There are 2 main different ways that Atheris hooks Python code.
The first way is by overwriting Python functions so that the new function
first calls the hook before calling the original function. The Regex hooking in
function_hooks.py
uses this strategy. If possible, use this strategy for
simplicity.
The second, more complicated way is by rewriting the Python bytecode.
The branch hooking, compare operation hooking, and str method
hooking in instrument_bytecode.py
all use this strategy.
In instrument_bytecode.py
, there is a function that essentially looks for a
specific Python bytecode instruction and then inserts the hook, which is
just a new sequence of bytecode instructions.
However, the branch hooking and compare op hooking differ from the
str method hooking. The branch hooking and compare op hooking add instructions
that call native C++ code directly. However, the str hooking adds instructions
that call a proxy Python function which then calls the native C++ code. The
reason that str hooking uses this proxy is because some preprocessing has to
occur before we can call the native code. Namely, in the Python proxy we need
to typecheck the caller of the str method, and we need to check that the
correct arguments are passed in to the function call before we can call the
native code.
For certain methods/functions such as the str startswith
and endswith
methods, Python blocks us from overwriting them and using strategy #1, so
we have to instrument the bytecode instead, which is what str hooking does.
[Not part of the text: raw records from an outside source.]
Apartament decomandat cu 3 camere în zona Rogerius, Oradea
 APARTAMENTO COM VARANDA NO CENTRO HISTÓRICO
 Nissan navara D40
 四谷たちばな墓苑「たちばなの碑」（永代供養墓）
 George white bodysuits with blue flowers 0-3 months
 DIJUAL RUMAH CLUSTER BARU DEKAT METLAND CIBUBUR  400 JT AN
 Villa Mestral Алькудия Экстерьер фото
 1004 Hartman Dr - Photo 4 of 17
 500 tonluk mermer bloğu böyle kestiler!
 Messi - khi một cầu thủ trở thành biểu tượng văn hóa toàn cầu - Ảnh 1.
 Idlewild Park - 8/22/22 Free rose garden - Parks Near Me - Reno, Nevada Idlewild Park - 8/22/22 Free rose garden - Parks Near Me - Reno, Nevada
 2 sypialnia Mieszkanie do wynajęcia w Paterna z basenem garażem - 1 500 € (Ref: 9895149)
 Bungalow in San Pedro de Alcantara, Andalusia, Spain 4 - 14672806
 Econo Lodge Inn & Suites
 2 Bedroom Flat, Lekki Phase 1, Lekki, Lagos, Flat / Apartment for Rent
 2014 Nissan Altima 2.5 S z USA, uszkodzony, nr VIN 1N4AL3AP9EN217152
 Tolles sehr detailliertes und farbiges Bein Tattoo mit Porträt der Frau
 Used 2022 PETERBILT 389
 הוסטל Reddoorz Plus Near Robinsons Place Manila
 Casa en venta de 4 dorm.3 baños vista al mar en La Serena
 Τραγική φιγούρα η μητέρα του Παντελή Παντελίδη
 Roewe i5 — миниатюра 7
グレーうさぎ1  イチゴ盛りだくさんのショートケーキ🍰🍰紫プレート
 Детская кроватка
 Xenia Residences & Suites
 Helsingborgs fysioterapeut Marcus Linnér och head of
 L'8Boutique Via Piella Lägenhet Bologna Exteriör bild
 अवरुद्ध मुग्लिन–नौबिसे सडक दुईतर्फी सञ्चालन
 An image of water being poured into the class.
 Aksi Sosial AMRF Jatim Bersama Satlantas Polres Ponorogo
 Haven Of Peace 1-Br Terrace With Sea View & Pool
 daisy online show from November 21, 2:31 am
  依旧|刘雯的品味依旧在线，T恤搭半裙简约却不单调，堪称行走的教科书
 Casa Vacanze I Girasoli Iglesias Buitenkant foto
If there is another such method or function that needs to be hooked, we can
follow the pattern used for str hooking. Use a similar structure to the
trace_str_flow
method in instrument_bytecode.py
, replacing the call to
_is_str_hookable
with a similar method that does the appropriate check. In
patch_code
, call this new method. In trace_str_flow
, also replace
generate_hook_str_invocation
with another method that generates a function
call to the new proxy function. This new proxy function should be defined in
function_hooks.py
, following a similar structure to _hook_str
. Finally, add
the new hook name to the EnabledHooks
class.